День Достоевского подчинялся расписанию ночной работы: вставал в час дня, от трех до пяти работал, прогуливался к почте через Королевский сад, обедал дома, по той же дороге снова прогуливался, пил чай с домашними и в половине одиннадцатого вечера садился за работу, которая продолжалась до пяти утра. Во время вечерней прогулки заходил в местную читальню, где можно было получить «Санкт-Петербургские ведомости», «Голос» и «Московские ведомости». Это была большая удача, особенно ввиду событий, которые поздней осенью 1869-го случились в Москве.
В середине октября в Дрезден навестить мать и сестру приехал Ваня Сниткин. «Федор Михайлович, читавший разные иностранные газеты (в них печаталось многое, что не появлялось в русских), пришел к заключению, — вспоминала Анна Григорьевна, — что в Петровской земледельческой академии в самом непродолжительном времени возникнут политические волнения. Опасаясь, что мой брат, по молодости и бесхарактерности, может принять в них деятельное участие, муж уговорил мою мать вызвать сына погостить у нас в Дрездене...»
Трудно сказать, предвидел ли Достоевский, что волнения начнутся именно в Петровской академии, однако через полтора месяца после приезда Вани, далекого от политики и задержавшегося в Германии по причинам сердечного свойства, роковые события случились именно в Москве, именно в Петровской академии: они надолго прикуют внимание писателя и радикально повлияют на его долгосрочные и сиюминутные планы.
«Чудовищное преступление», «отвратительное московское убийство» — так назовет Достоевский происшествие, случившееся 21 ноября 1869 года. «Нам сообщают, — писали «Московские ведомости» несколько дней спустя, — что вчера, 25-го ноября, два крестьянина, проходя в отдаленном месте сада Петровской академии, около входа в грот заметили валяющиеся шапку, башлык и дубину; от грота кровавые следы вели прямо к пруду, где подо льдом виднелось тело убитого, опоясанное черным ремнем и в башлыке... Тут же найдены два связанные веревками кирпича и еще конец веревки».
Два дня спустя появились новые подробности преступления: «Убитый оказался слушатель Петровской академии, по имени Иван Иванович Иванов... Деньги и часы, бывшие при покойном, найдены в целости; валявшиеся же шапка и башлык оказались чужими.

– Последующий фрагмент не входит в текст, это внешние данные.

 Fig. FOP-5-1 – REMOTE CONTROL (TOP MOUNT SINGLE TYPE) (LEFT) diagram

Ноги покойного связаны башлыком, как говорят, взятым им у одного из слушателей Академии... шея обмотана шарфом, в край которого завернут кирпич; лоб прошибли, как должно думать, острым орудием». А. Г. Достоевская вспоминала: «О студенте Иванове мой брат говорил как об умном и выдающемся по своему твердому характеру человеке и коренным образом изменившем свои прежние убеждения. И как глубоко был потрясен мой брат, узнав потом из газет об убийстве студента Иванова, к которому он чувствовал искреннюю привязанность!»

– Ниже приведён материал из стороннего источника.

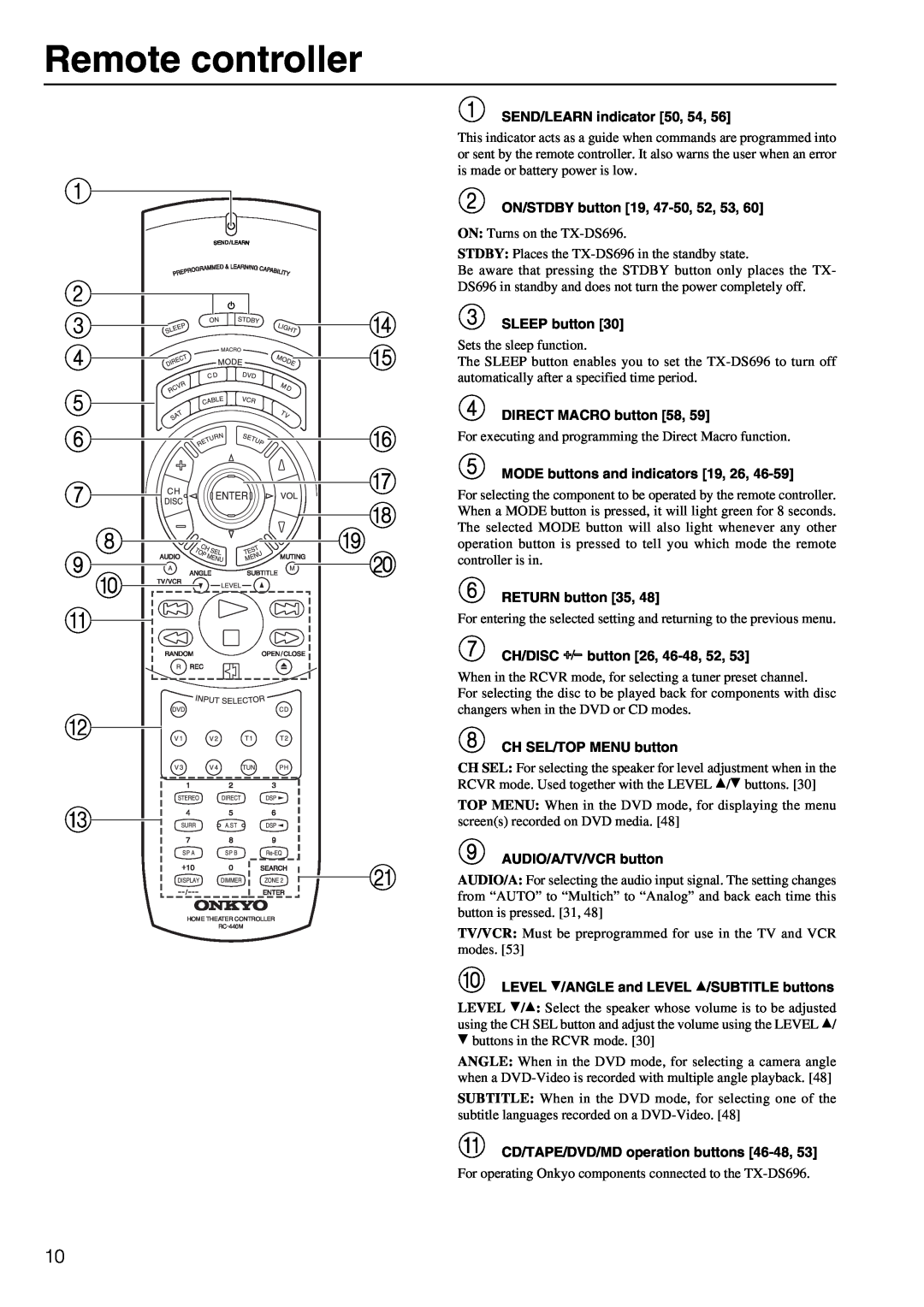 Onkyo TX-DS696 appendix Remote controller, 1 2 3 4 5 6 7 8 90 A B C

В рапорте исполняющего должность директора Петровской академии профессора П. А. Ильенкова (первом официальном документе, положившем начало многотомному делу, именуемому «Нечаевский процесс») содержались подробности, не сразу попавшие в печать: «Честь имею донести для сведения, что 25 числа сего месяца старостой и некоторыми крестьянами деревни Петровские Выселки усмотрено подо льдом в верхней части академического пруда близ грота, прилегающего к академической роще, мертвое тело. Близ входа в грот находилась окровавленная меховая шапка, окровавленный кирпич с привязанной к нему бечевкой и кровавый след от грота к тому месту, где находился труп... Сегодня в присутствии пристава 4-го стана Московского уезда сделан осмотр вышеозначенной местности и признаков убийства и труп поднят изпод льда. При этом оказалось, что погибший есть студент академии Иван Иванов, жительствовавший на ферме и который, отлучившись в Москву в пятницу 21-го ноября, с тех пор на занимаемую квартиру не возвращался».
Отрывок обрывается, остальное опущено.